Animatorzy zaangażowani w program „Młodzi na Progu” podkreślali znaczenie świadectwa i przestrzeni dialogu z młodymi. – To nie tylko cykl spotkań, ale zaproszenie do osobistego spotkania z Jezusem i decyzji, by żyć wiarą na co dzień – wyjaśniała jedna z uczestniczek warsztatów.
„Młodzi na Progu” to wyjątkowa droga dla młodzieży przygotowującej się do bierzmowania – nie tylko cykl spotkań, ale przede wszystkim zaproszenie do osobistego spotkania z Jezusem i decyzji, by żyć wiarą na co dzień. Animatorzy, którzy w parafiach prowadzą grupy „Młodych na Progu” pomagają młodym przejść przez ten czas towarzysząc im, dzieląc się świadectwem i tworząc przestrzeń szczerego dialogu. Program obejmuje zarówno spotkania w małych grupach, jak i weekendowe rekolekcje, które dla wielu stają się momentem przełomowym w wierze. – Miałem okazję wielokrotnie w tym programie obserwować młodzież przed i po rekolekcjach. Przed – obojętność, brak pytań, niechęć. Po rekolekcjach – nagle zaczynają pytać, dyskutować, chcą wiedzieć więcej. Wiara to nie jest kwestia dodatkowej wiedzy, ale doświadczenia relacji z Jezusem. To sprawia, że młody człowiek zaczyna traktować wiarę serio i nie od razu, ale krok po kroku dojrzewa w niej. Część z tych młodych zostaje potem animatorami – i to też jest piękne, bo okazuje się, że mają coś do przekazania. I tu nie chodzi o ich większą wiedzę niż rówieśnicy, ale o doświadczenie, którym mogą się dzielić – doświadczenie modlitwy osobistej i wspólnotowej, doświadczenie rozmowy o Bogu, jak sami rozumieją rzeczywistość wiary – tłumaczył niedawno w wywiadzie dla „Gościa” ks. Dawid Włodarczyk, dyrektor Wydziału Nowej Ewangelizacji tarnowskiej kurii.

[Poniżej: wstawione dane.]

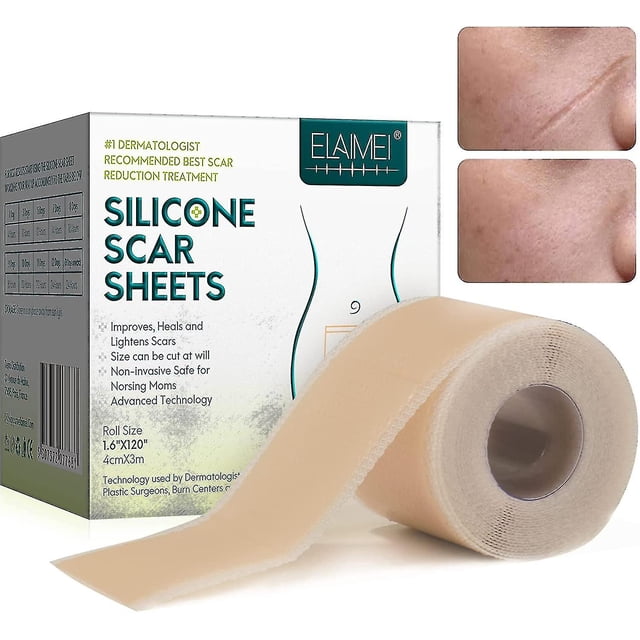 Yesos de silicona para cicatrices, películas de silicona para cicatrices para cirugías, cesárea, queloides, quemaduras, cinta de silicona para cicatrices-4cm*3m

Warsztaty w Tarnowie dla animatorów były okazją, by uczestnicy mogli nie tylko poznać nowe metody i narzędzia, ale także sami doświadczyć wspólnoty i modlitwy – tego, co później sami ofiarują młodym. Tego dnia odbyło się ponad dziesięć różnorodnych warsztatów, prowadzonych przez blisko dwadzieścia osób. Tematy dotyczyły zarówno rozwoju duchowego i osobistego, jak i bardzo praktycznych kwestii pracy w grupach m.in. świadectwa, nauczania, animacji, dynamiki. Dla wielu uczestników weekendowe rekolekcje okazały się momentem przełomowym. – Wyjeżdżam stąd nie tylko z nową wiedzą, ale przede wszystkim z umocnioną wiarą i zapałem do posługi – podkreślał inny uczestnik. Było wielu i takich, dla których stały się te warsztaty przestrzenią, w której odkryli na nowo sens bycia animatorem – nie jako obowiązku, ale jako pięknej misji, która przemienia młodych i daje im odkryć swoje miejsce w Kościele.